De niños aprendemos sobre las estaciones del año escuchando explicaciones sobre los cambios en la vegetación, el color de los cielos, y la fiebre o lo friolento de los vientos. Pero aún cuando guardé la información aprendida en la escuela, nunca comprendí porqué los mantos blancos no se tendían sobre nuestros campos ni se teñían los horizontes de cobres y dorados.
Pero mi última clase sobre el rotar de los climas, la recibí cuando nos avecinamos con mi tía Anita durante el tiempo en que mi familia esperaba a que nuestra casa fuera remodelada. Con una puerta de por medio, era difícil resistir la tentación de cruzarla para vivir de cerca las costumbres de su hogar.

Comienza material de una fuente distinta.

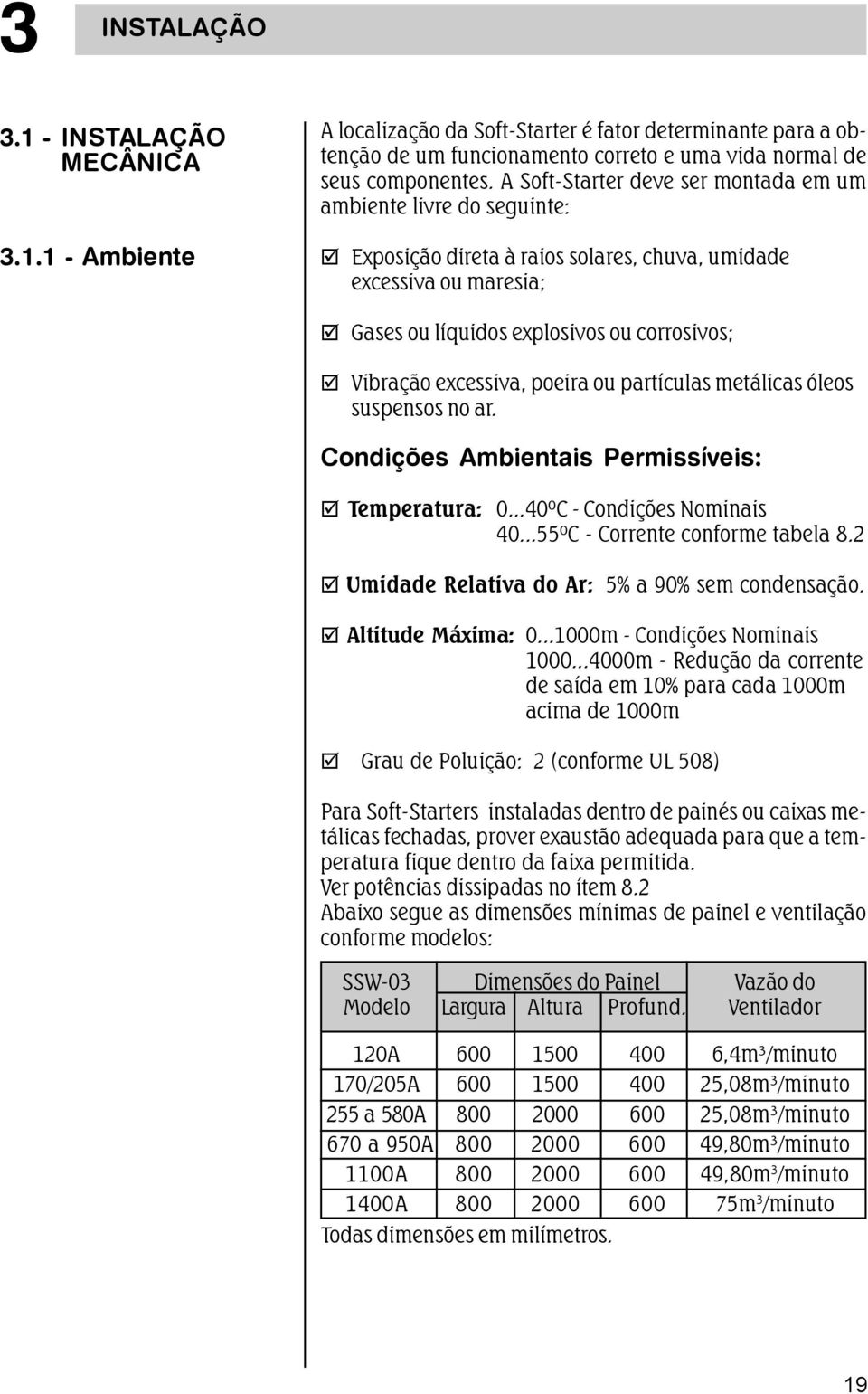 excessiva, poeira ou partículas metálicas óleos suspensos no ar. Condições Ambientais Permissíveis: Temperatura: 0...40ºC - Condições Nominais 40...55ºC - Corrente conforme tabela 8.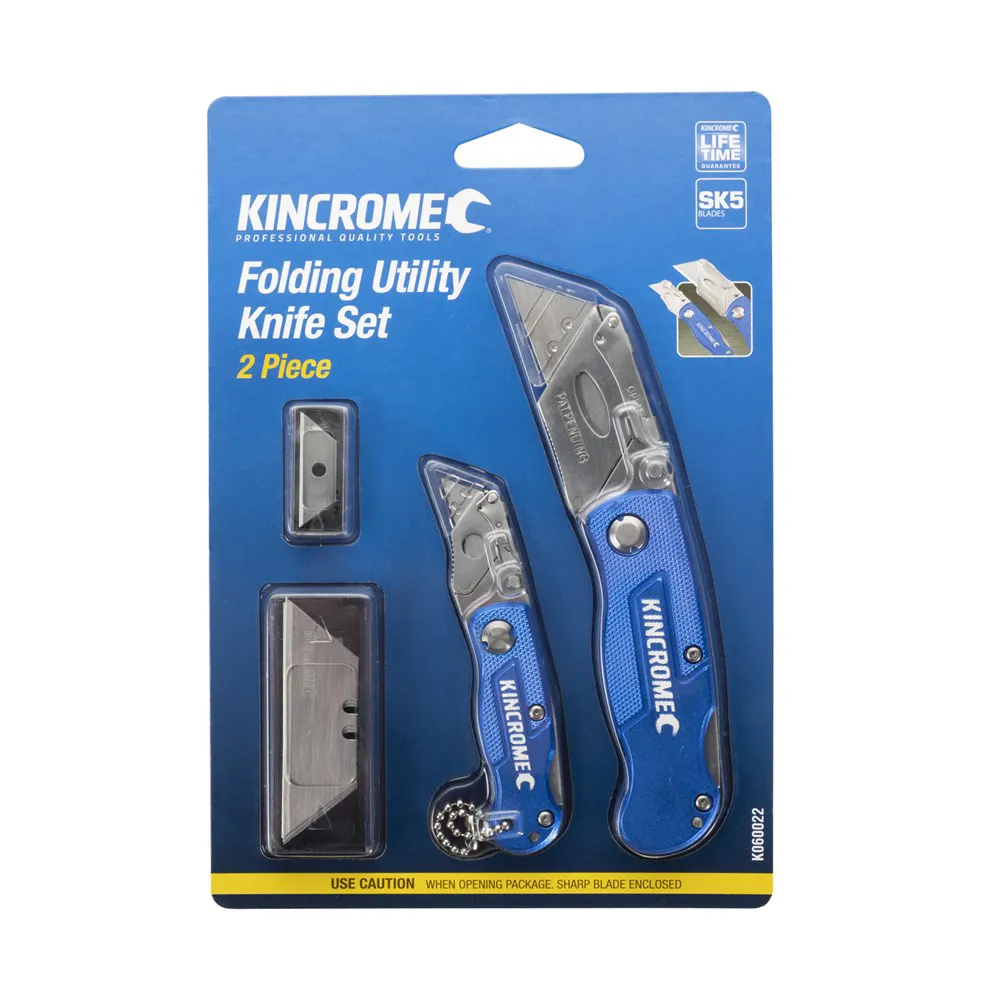 KINCROME 2 Piece Lock-Back Folding Utility Knife Set K060022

Así que con frecuencia y sin invitación de por medio, entraba a una casa que durante del correr de poco más de un año, la vi cambiar junto con las estaciones. Vajillas y decoraciones vestían el ambiente que engañaba haciendo pensar uno visitaba una nueva morada. Sin descanso, un sinfín de jarrones, manteles y adornos desfilaban mientras los de la temporada anterior -como vestidos pasados de moda- iban a dar a los armarios.
Y sólo una decoración había ganado el honor de posar sobre la mesa del comedor: las flores naturales frescas y engalanadas de follaje siempre verde. Igual vi rosas que claveles o lilis simulando campanillas. ¡Qué emocionante era recibir la sorpresa del cambio de vestuario de aquella casa! ¡Cuánto cariño transpiraba ese hogar, cariño que recibía día tras día de su ama!
Y si puedo hablar de lo guapura de la casa, cuánto más podría contarles de su dueña, mi tía Anita, ¡siempre guapa!